SUPPLIED MATERIAL:
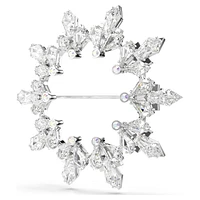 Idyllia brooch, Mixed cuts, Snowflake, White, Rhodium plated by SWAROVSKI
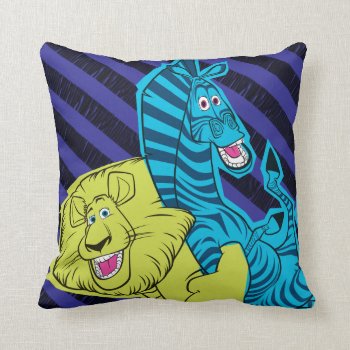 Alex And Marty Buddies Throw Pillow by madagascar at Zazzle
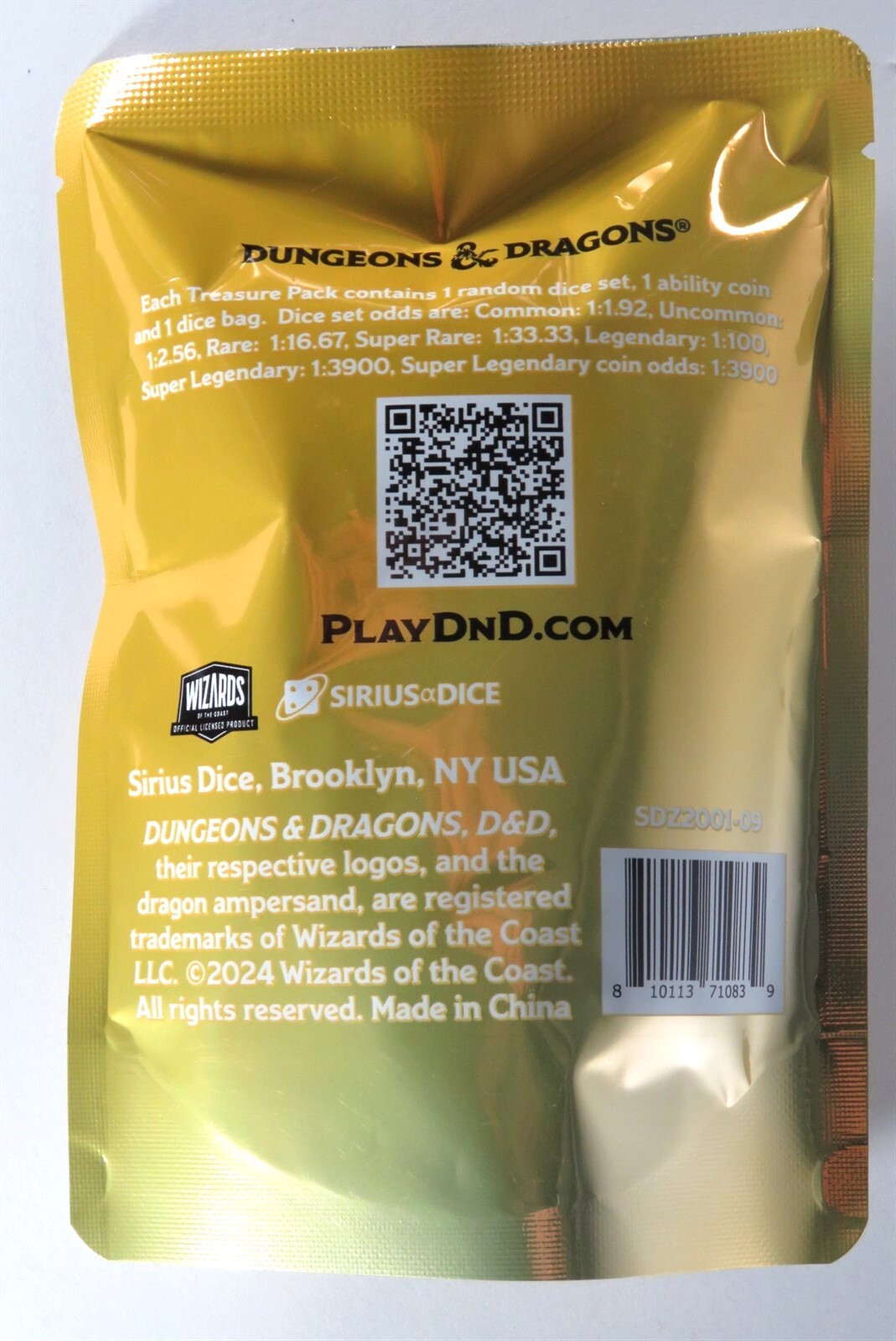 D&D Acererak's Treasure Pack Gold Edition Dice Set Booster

TASK PROMPT: Without any of the pictures, reproduce the listing above exactly.

TASK RESPONSE:
 Idyllia brooch, Mixed cuts, Snowflake, White, Rhodium plated by SWAROVSKI
 Alex And Marty Buddies Throw Pillow by madagascar at Zazzle
 D&D Acererak's Treasure Pack Gold Edition Dice Set Booster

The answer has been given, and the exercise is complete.